::: SOURCE RECORDS

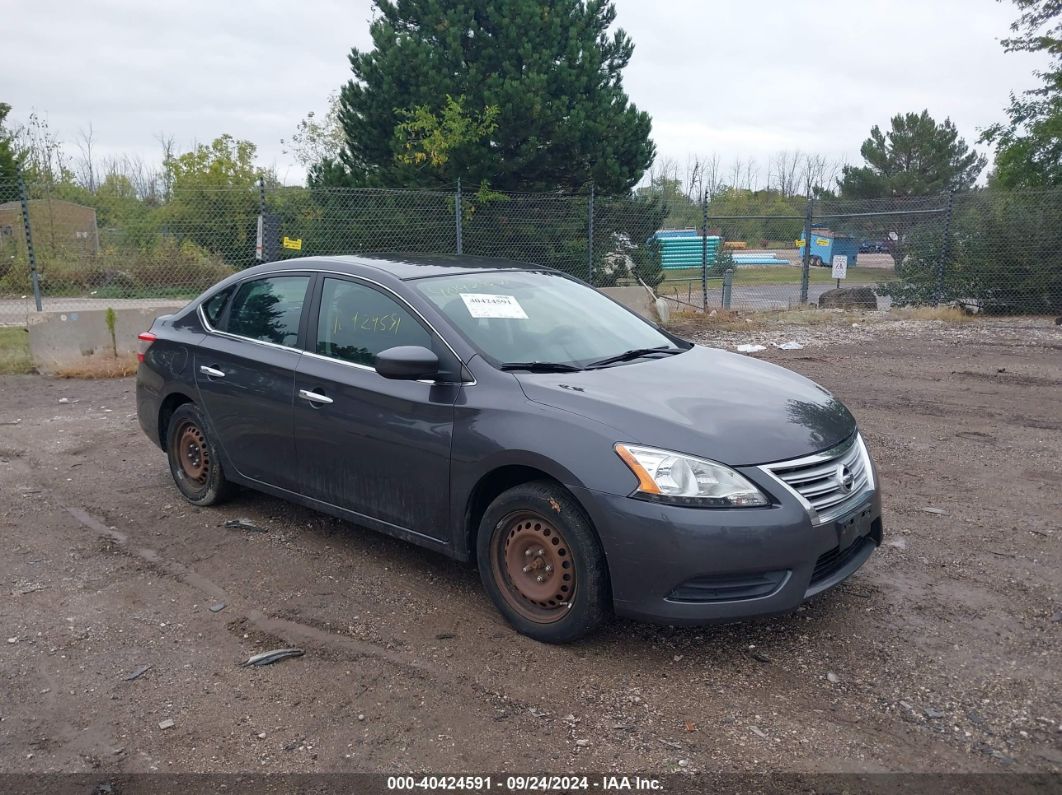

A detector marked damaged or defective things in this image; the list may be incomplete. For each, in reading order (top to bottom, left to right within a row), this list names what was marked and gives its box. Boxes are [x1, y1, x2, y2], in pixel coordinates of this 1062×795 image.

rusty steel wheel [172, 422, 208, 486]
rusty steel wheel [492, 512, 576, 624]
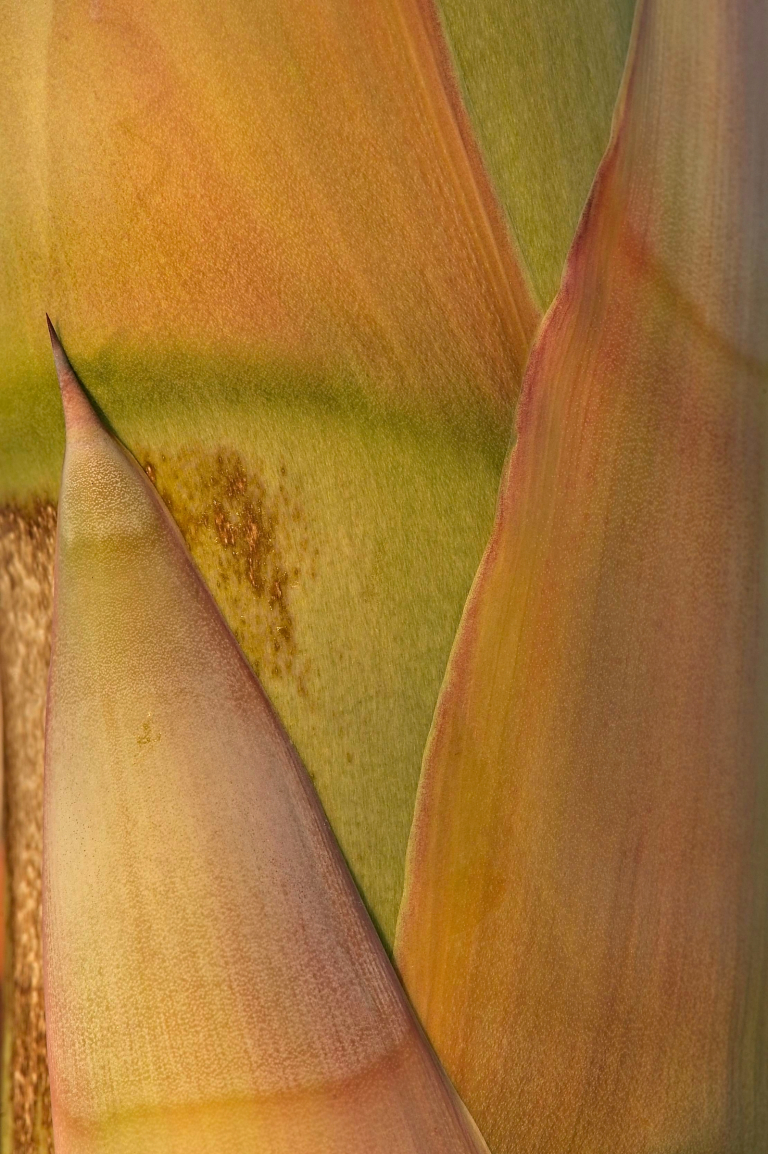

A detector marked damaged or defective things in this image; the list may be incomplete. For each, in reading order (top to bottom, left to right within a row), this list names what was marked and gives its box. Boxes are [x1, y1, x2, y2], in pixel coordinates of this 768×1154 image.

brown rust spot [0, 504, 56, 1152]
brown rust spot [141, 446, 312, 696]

::::::

## PROBLEM TO WORK ON
Repeat every entry exactly, but leave out the pictures.

## ANSWER SPACE
A detector marked damaged or defective things in this image; the list may be incomplete. For each, in reading order (top to bottom, left to right within a row), this list names what was marked and gives its box. Boxes are [x1, y1, x2, y2], in pixel coordinates of this 1062×795 image.

rusty steel wheel [172, 422, 208, 486]
rusty steel wheel [492, 512, 576, 624]

A detector marked damaged or defective things in this image; the list may be incomplete. For each, in reading order (top to bottom, left to right within a row), this list names what was marked and gives its box. Boxes are [x1, y1, x2, y2], in pixel coordinates of this 768×1154 image.

brown rust spot [0, 504, 56, 1152]
brown rust spot [141, 446, 312, 696]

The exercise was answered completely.